Now let’s see if we can get at the significance of the Buddhist doctrine on the identity of “experience” and “existence,” and the reason for Dogen’s constant reminder of it. In Buddhism “existence” connotes “real form” (jisso) and “all dharmas” (shoho; all things, beings, events, etc.) are defined as “existent,” thus, “all dharmas are real forms” (shoho-jisso). So the significance of the teaching that existence is experience is in its illumination of the fact that anything and everything (shoho) we experience actually exists as a real form (jisso). In fact, “to really exist” is synonymous with “being experienced,” and “to experience” is synonymous with “real existence.”

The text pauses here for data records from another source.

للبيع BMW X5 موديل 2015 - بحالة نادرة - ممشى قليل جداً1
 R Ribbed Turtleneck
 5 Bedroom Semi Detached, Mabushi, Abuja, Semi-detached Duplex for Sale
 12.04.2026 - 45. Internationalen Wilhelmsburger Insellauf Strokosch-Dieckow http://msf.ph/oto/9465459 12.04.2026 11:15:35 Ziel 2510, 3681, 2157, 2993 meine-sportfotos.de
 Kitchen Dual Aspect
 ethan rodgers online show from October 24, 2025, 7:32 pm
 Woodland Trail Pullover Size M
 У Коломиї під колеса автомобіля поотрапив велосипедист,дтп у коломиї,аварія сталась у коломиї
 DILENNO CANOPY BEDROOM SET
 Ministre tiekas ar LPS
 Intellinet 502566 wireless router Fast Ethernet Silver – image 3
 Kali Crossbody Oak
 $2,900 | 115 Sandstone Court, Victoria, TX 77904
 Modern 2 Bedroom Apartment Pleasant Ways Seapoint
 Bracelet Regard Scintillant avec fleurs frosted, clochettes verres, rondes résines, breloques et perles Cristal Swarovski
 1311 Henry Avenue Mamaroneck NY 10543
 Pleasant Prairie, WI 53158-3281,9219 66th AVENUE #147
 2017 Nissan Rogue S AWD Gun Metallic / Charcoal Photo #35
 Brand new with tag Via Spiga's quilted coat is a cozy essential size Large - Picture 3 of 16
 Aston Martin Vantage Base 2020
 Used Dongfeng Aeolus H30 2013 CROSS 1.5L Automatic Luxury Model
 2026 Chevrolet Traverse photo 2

One of Dogen’s classic elucidations of this is his interpretation of “sky-flowers” (kuge). Conventionally a metaphor for “unreal” or “illusory,” sky-flowers is a term for the “appearance of spots floating in the air” due to injured or diseased eyes. Dogen points out that insofar as a sentient being actually experiences these spots in the air, they are as real mountains, stones, walls, or any other dharma. To be experienced is to exist as a real form. To exist is to be an instance of existence-time (uji). To be an instance of existence-time is to be an instance of eternity – thus a “sky-flower” is as intrinsic to the real Buddha as a lotus-flower, the morning star, the Buddha ancestors, and every other real form.

The realization of the Buddhist patriarchs is perfectly realized real form. Real form is all dharmas. All dharmas are forms as they are, natures as they are, body as it is, the mind as it is, the world as it is, clouds and rain as they are, walking, standing, sitting, and lying down, as they are; sorrow and joy, movement and stillness, as they are; a staff and a whisk, as they are; a twirling flower and a smiling face, as they are; succession of the Dharma and affirmation, as they are; learning in practice and pursuing the truth, as they are; the constancy of pines and the integrity of bamboos, as they are.

Sakyamuni Buddha says, “Buddhas alone, together with buddhas, are directly able to perfectly realize that all dharmas are real form.